Construction of a prognostic signature model
To find out the influence of differential expression of miRNAs on the prognosis of CRC patients, the univariate and multivariate Cox proportional risk regression analysis was carried out for different expression of miRNAs, the miRNAs related to CRC prognosis were selected, and the risk linear model based on The Cancer Genome Atlas (TCGA) data set was established. 569 CRC patients downloaded from TCGA were randomly divided into training groups and test groups. We built a predictive feature model in the training group and tested its validity in the test group. First, the training group was analyzed by univariate Cox regression analysis to select the prognoses related DEGs. In the further functional analysis and development of potential risk characteristics, the least absolute shrinkage and selection operator (LASSO) method was used to regress the high-dimensional prediction factors [16, 17]. The "glmnet" packet in R was used to calculate the coefficient and partial likelihood deviation . Through multivariate Cox regression analysis, we further studied these miRNAs to identify significant targets and build a risk linear model. To better understand the relationship between the selected miRNAs and the prognosis of CRC patients, we constructed a risk prediction model. By using “survival ROC” package, we calculated AUC (Area Under Curve) of 3 years and 5 years dependent ROC (Receiver Operating Characteristic) curve to assess the predictive power of identified miRNAs.
Verification of miRNA expression and mRNA expression
Twenty lymph node non-metastasis CRC tissues and twenty lymph node metastatic CRC tissues were obtained from patients with CRC. We obtained the approval from the ethics committee of Second Affiliated Hospital of Soochow University. Total RNA was extracted from the tissues using Trizol reagent (Mesgen Biotech Co., Shanghai, China). The reverse transcription was performed according to the manufcturer’s protocol. Real-time PCR was performed on the QuantStudio 5 Real-Time PCR System (Thermo Fisher) using qPCR SYBR Green master mix (Vazyme Biotech Co., Nanjing, China). The primers are showed in Table S1. The expression levels of miRNAs were normalized to U6 (internal standard control) and calculated using the 2−ΔΔCt method. All experiments were performed in triplicate.

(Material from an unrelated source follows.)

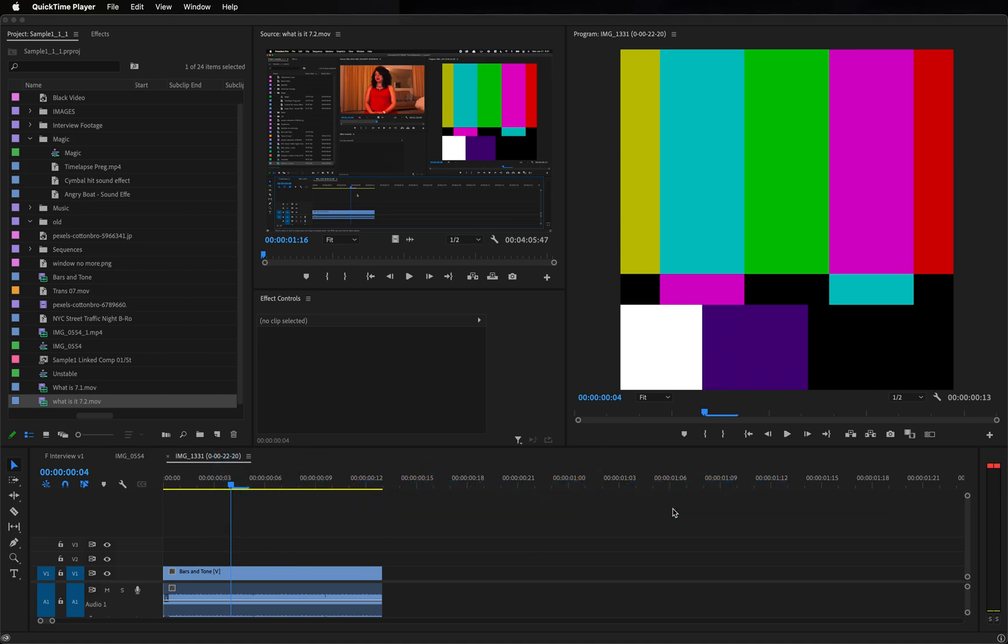For example, on an iPhone you can group the photos by the location that they were taken in. That information is not written on the photo itself. Where is it? It's in the metadata.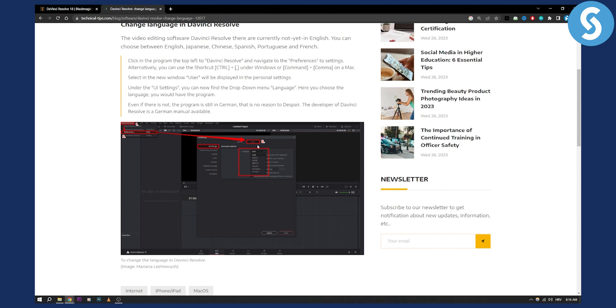So that's something that you can do. You cannot change other languages, unfortunately. This is pretty much how you can change languages in DaVinci Resolve 18.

Hematoxylin and eosin (H&E) staining and analysis.
Fresh colorectal carcinoma and lymph node tissues were fixed in 10% formalin and embedded in paraffin before sectioning and staining. Tissue sections 4 μm thick were deparaffinized in xylene and rehydrated in ethanol series. H&E staining was performed according to standard protocols.
Lymph node negative test and lymph node positive test were performed to evaluate the statistical significance between the two groups. All data analysis was performed using R software (version 3.6.6) and GraphPadPrism6 package (GraphPad Software, Inc., La Jolla, California, USA). Correlation between miRNA and its possible targeted mRNA among individual samples was assessed. A P value of <0.05 was viewed as statistically significant. The correlation analysis between the RT-qPCR results and RNA‑seq results was calculated in Excel 2013 (Microsoft Corporation, Redmond, WA, USA) with the function of CORR.